++++ Dataset records

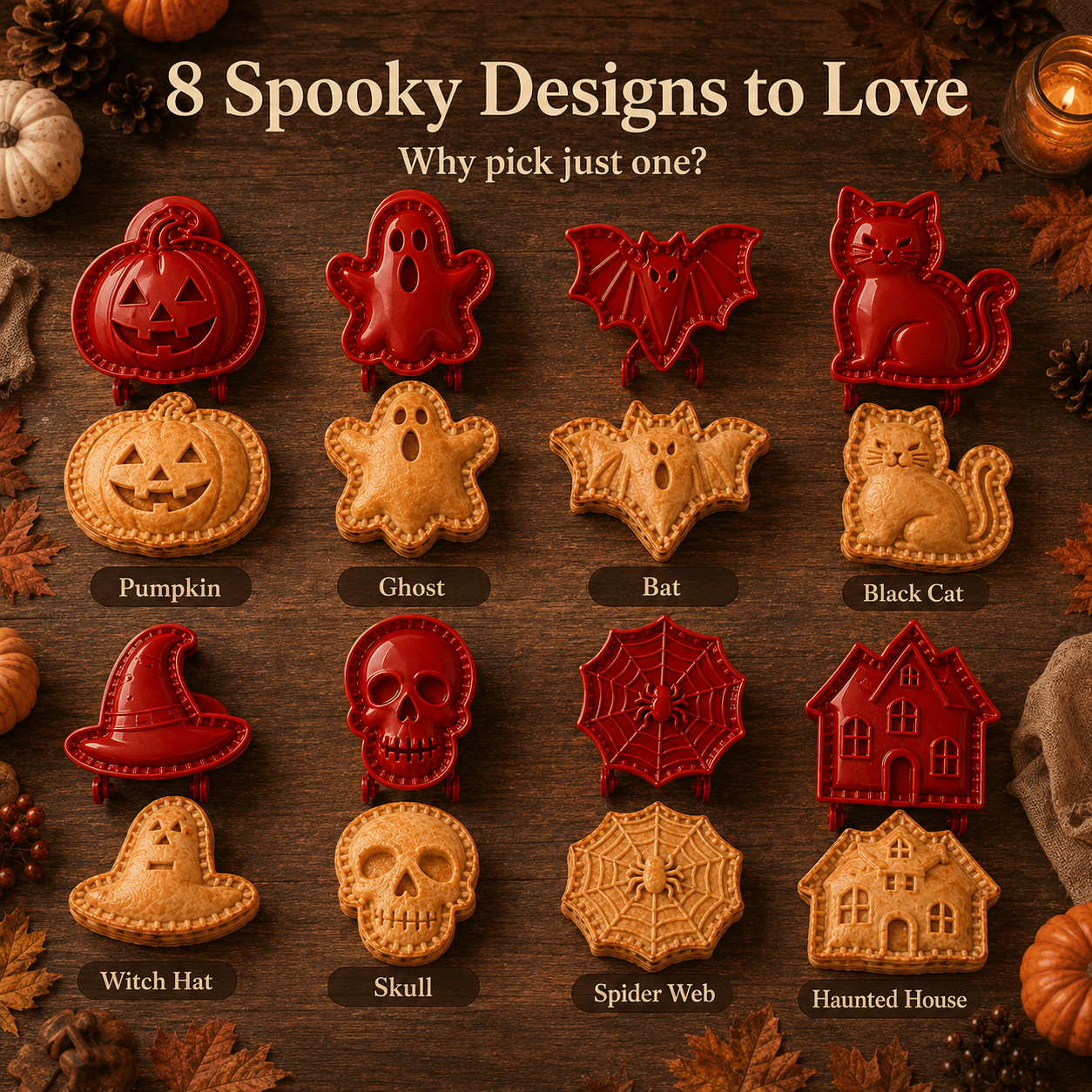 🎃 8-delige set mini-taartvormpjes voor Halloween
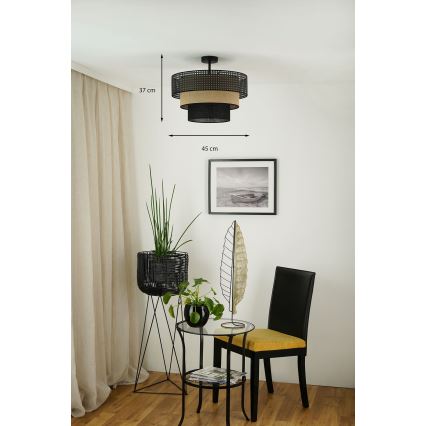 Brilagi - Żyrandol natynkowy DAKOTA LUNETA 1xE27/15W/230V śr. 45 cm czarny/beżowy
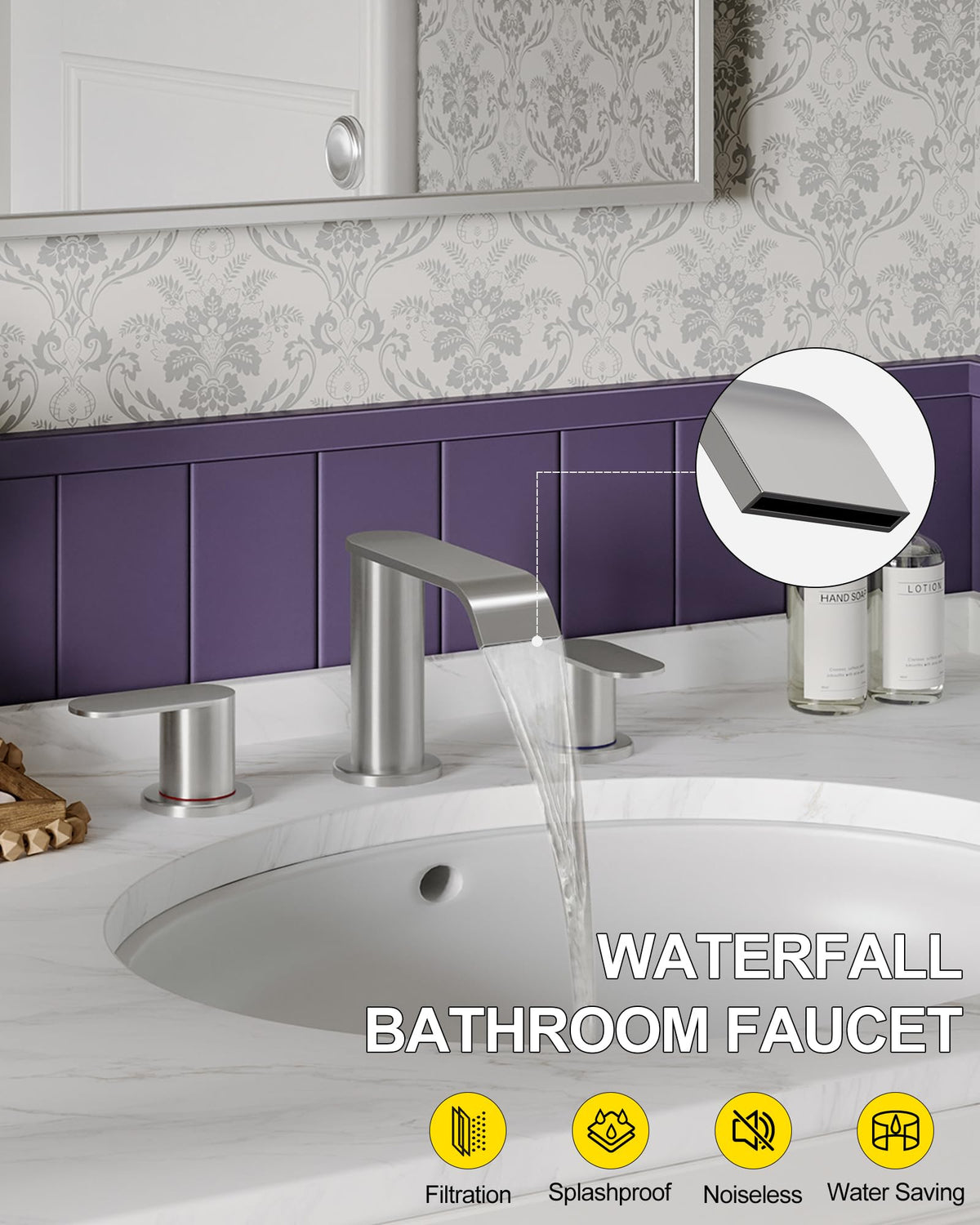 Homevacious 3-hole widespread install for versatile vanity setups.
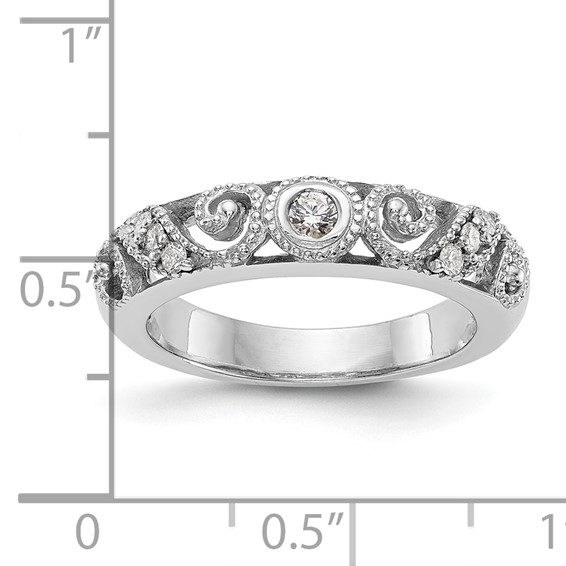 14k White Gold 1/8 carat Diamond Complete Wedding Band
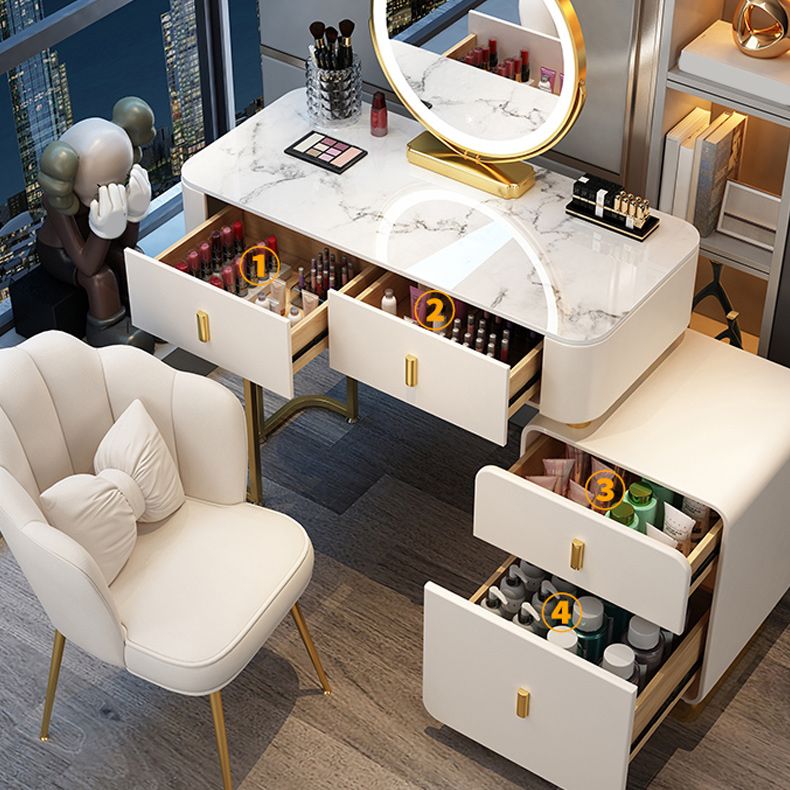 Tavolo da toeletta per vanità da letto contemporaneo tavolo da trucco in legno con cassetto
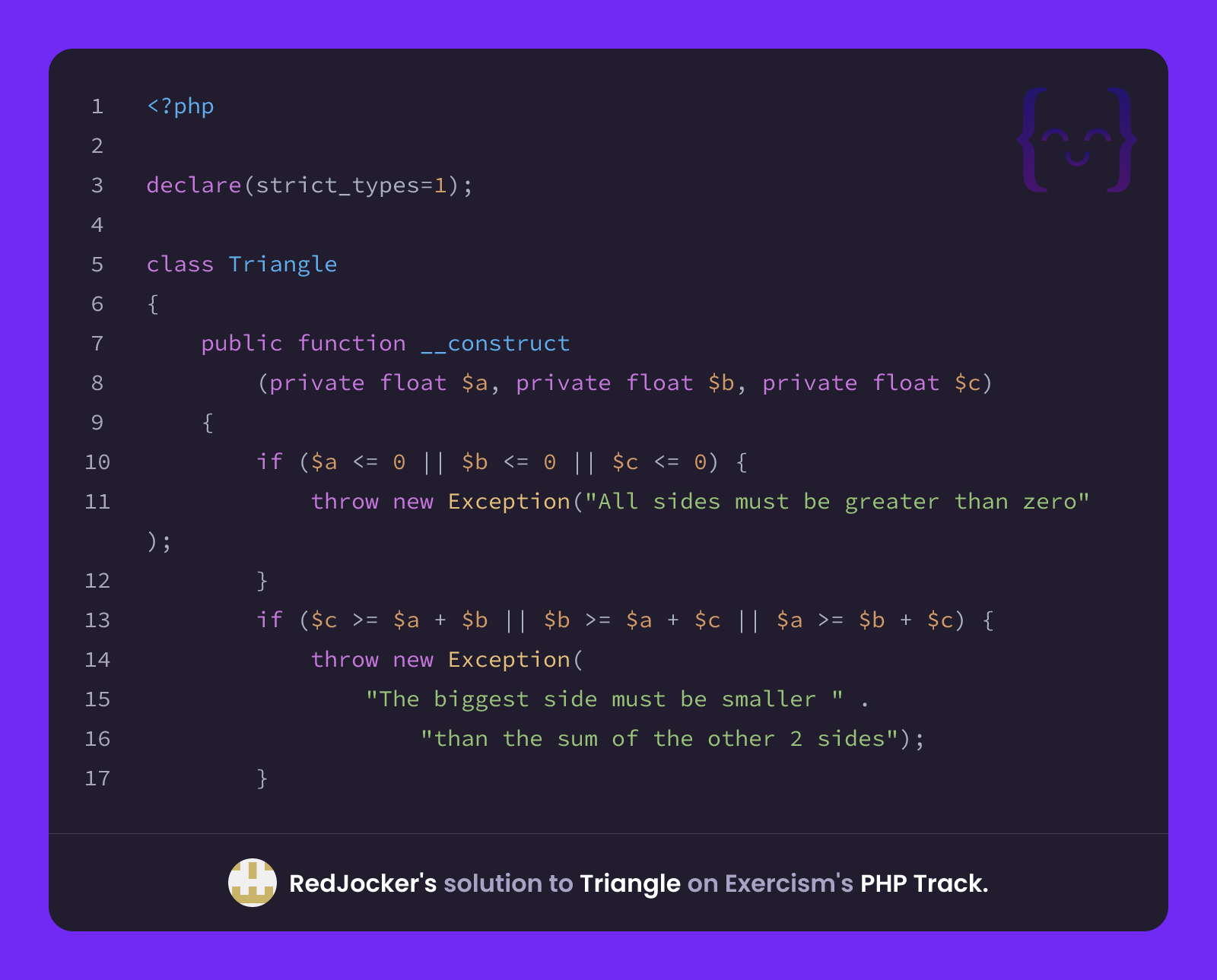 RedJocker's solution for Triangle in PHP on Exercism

++++++++

Try it
Transcribe every entry word for word, but omit the pictures.

Solved problem
 🎃 8-delige set mini-taartvormpjes voor Halloween
 Brilagi - Żyrandol natynkowy DAKOTA LUNETA 1xE27/15W/230V śr. 45 cm czarny/beżowy
 Homevacious 3-hole widespread install for versatile vanity setups.
 14k White Gold 1/8 carat Diamond Complete Wedding Band
 Tavolo da toeletta per vanità da letto contemporaneo tavolo da trucco in legno con cassetto
 RedJocker's solution for Triangle in PHP on Exercism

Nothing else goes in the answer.